La défense de la propriété et contre les troubles de voisinage.

Que ce soit en matière de législation de l’urbanisme (permis de construire,
déclarations de travaux notamment, urbanisme commercial) ou bien en matière de location (baux, fonds de commerce) ou de défense de la propriété (troubles anormaux de voisinage, délimitations de propriété, indivision, copropriété, usufruit, nue propriété, servitudes, bornages), il est possible d’être conseillé pou effectuer les choix essentiels à la préservation de son patrimoine et d’agir en procédure lorsque cela est nécessaire.

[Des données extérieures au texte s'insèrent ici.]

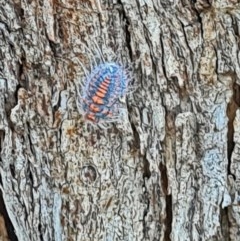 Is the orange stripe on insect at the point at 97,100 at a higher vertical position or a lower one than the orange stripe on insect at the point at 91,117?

Cela peut concerner également les actions en cas de liquidation ou de redressement judiciaire.

 

Cela peut aussi concerner les actions concernant les propriétés du domaine public ainsi que les travaux publics, lors que sont concernées des collectivités locales ou des administrations.

 

La défense de la propriété implique un conseil adapté à la situation particulière de chaque personne et une intervention opportune en tenant compte des législations de la propriété et de l’urbanisme mais aussi de l’environnement, du droit de l’assainissement et du droit rural, y compris dans les règles issues du droit communautaire.

Quelles actions sont possibles ?

Il est possible de demander de faire cesser des troubles anormaux de voisinage et des atteintes à la propriété en agissant à temps pour préserver son bien et revendiquer les droits qui y sont attachés. Il est possible de tenter un règlement amiable et à défaut de faire valoir ses droits devant les juridictions compétentes.

 

La défense de la propriété concerne également les contestations de saisies, saisie ventes, saisies attribution, saisies immobilières, saisies arrêt sur rémunération, saisies conservatoires devant les juridictions, en cas d’intervention d’un huissier de justice pour l’exercice de voies d’exécution.

 

Il est également possible d’intervenir en vue de la constitution de sûretés, de garanties, de cautionnements ou de gages. Cela concerne également la défense des intérêts du particulier consommateur en cas de litiges pour des vices cachés ou des travaux mal effectués ou contestés notamment lorsqu’est en jeu la garantie décennale de responsabilité, des malfaçons, des dommages et des dégâts divers dans les contentieux de la construction.

 

Cela concerne également la recherche de règlements amiables avec les personnes concernées afin de conclure un accord, une transaction ou un protocole négocié, éventuellement dans le cadre d’une conciliation, d’une médiation pour tenter un mode de règlement alternatif à un règlement judiciaire devant un tribunal.

 

Il est possible également de défendre ses intérêts au cours d’une expertise amiable ou judiciaire afin de faire valoir les droits conférés aux parties y compris envers un assureur. Il est important que chacun soit informé en temps utile des droits dont il dispose afin de défendre ses intérêts.